Going with plan B and meeting at the shelter @ 1:00 tomorrow. 

Any tips, thoughts, ideas?

Will bring tempting treats for Angie's distraction and my hopes that Bella will be a gentlelady.


----------



## katieliz

*Re: Bath, NY - Finger Lakes SPCA - Angie - 7 yrs o*

just hoping for the best for this pretty girl.


----------



## doggonefool

*Re: Bath, NY - Finger Lakes SPCA - Angie - 7 yrs o*

I'd share costs; just know nothing about how it's done...
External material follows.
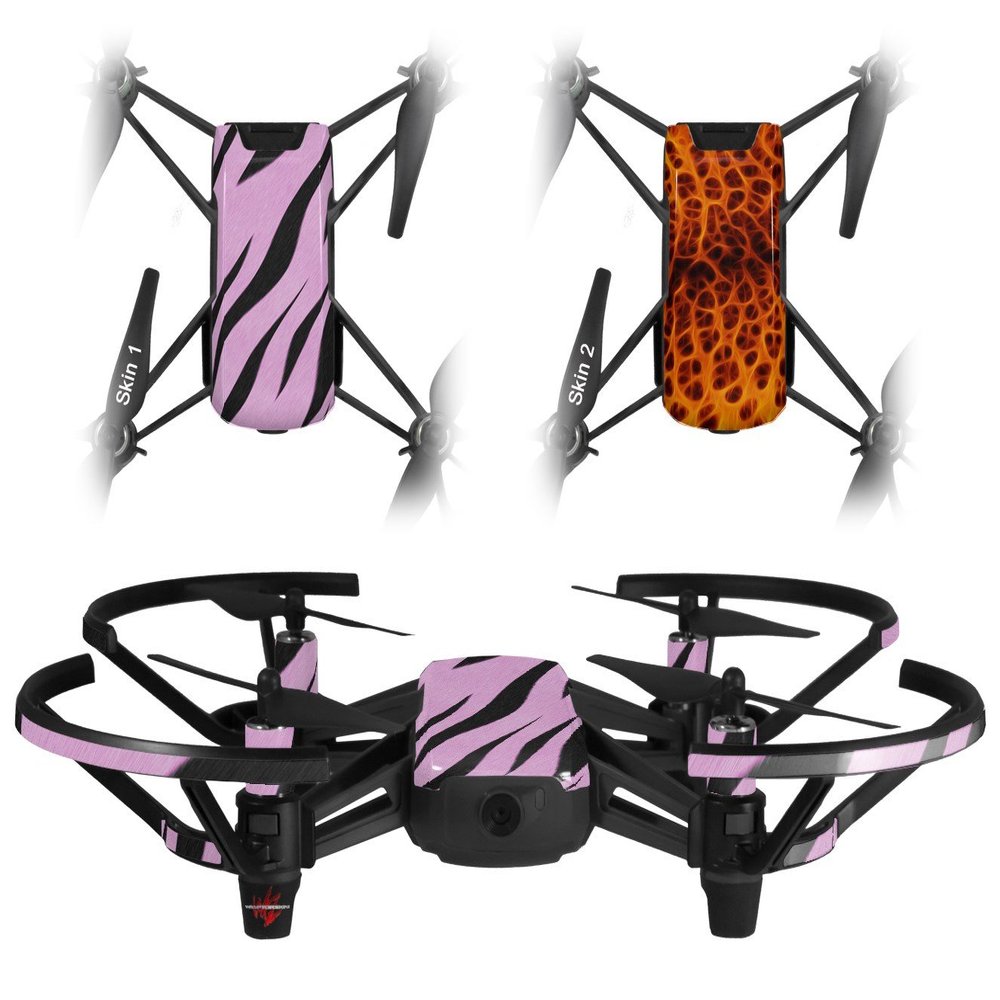 Skin Decal Wrap 2 Pack Compatible with DJI Ryze Tello Zebra Skin Pink Drone NOT Included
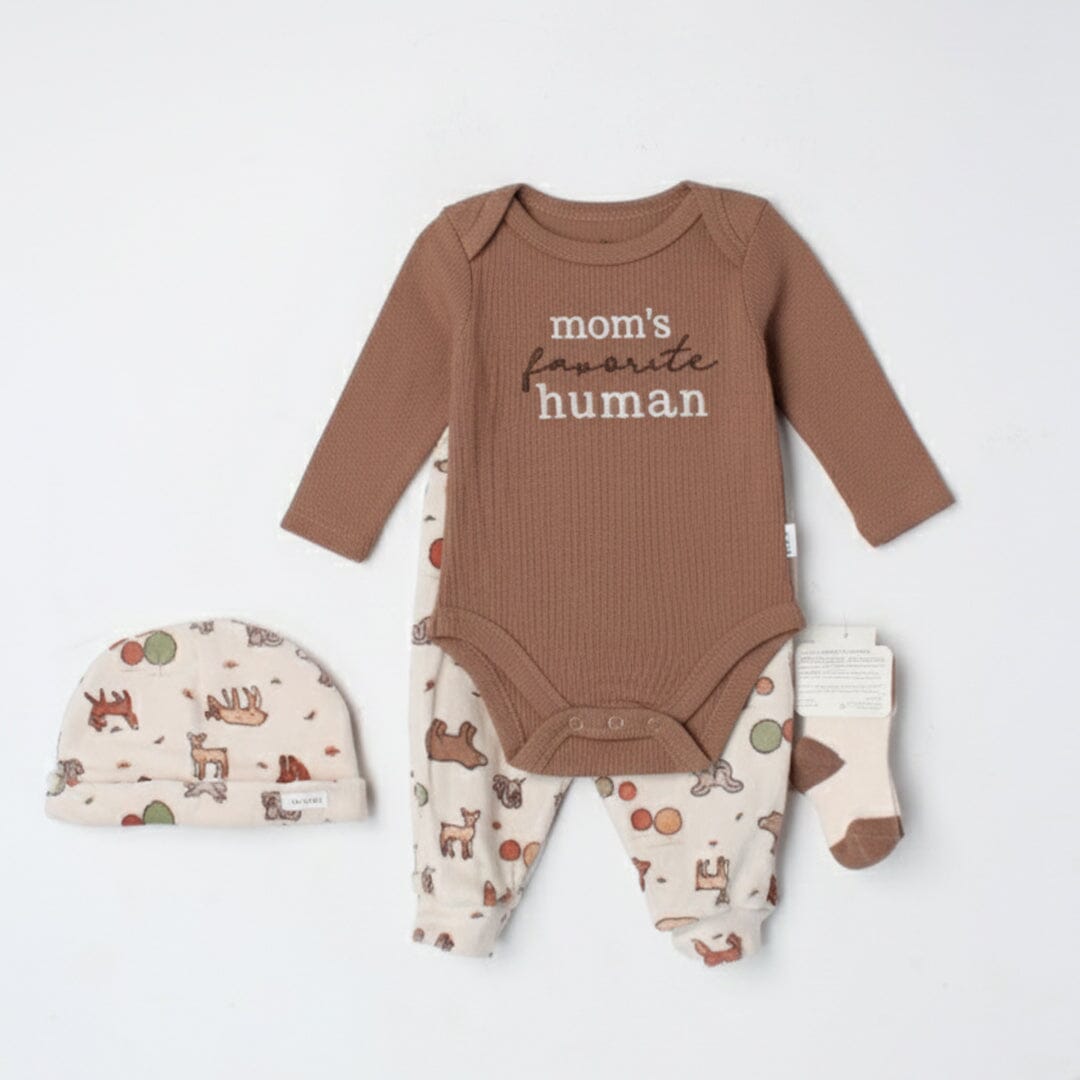 Desire Brown Winter 4Pc Kids Romper Set Romper Set Iluvlittlepeople 0-3 Months Brown Winter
though I do have a one year old female husky...


----------



## katieliz

*Re: Bath, NY - Finger Lakes SPCA - Angie - 7 yrs o*

oh yea, you have to be so careful on very long distance adoptions. we all want to help so much, but always have to be aware of the realities of our situations.


----------



## BowWowMeow

*Re: Bath, NY - Finger Lakes SPCA - Angie - 7 yrs o*

Good luck tomorrow! Tell Bella I said to behave herself, please!


----------



## JeanKBBMMMAAN

*Re: Bath, NY - Finger Lakes SPCA - Angie - 7 yrs o*

Eh...Bella was very good...and Angie enjoyed barking at her! I just feel like if she had a few weeks of training, she'd still not want to be around other dogs (I mean...come on, they are just dogs and she's a people) but she could learn to act appropriately. Particularly if she had something else more interesting, and was exercised til tired. 

Angie was a bit miffed by Bella's down (offered on her own) and Bella was tossing nice calming signals out, and that would make Angie pause like what the heck is with THAT one? 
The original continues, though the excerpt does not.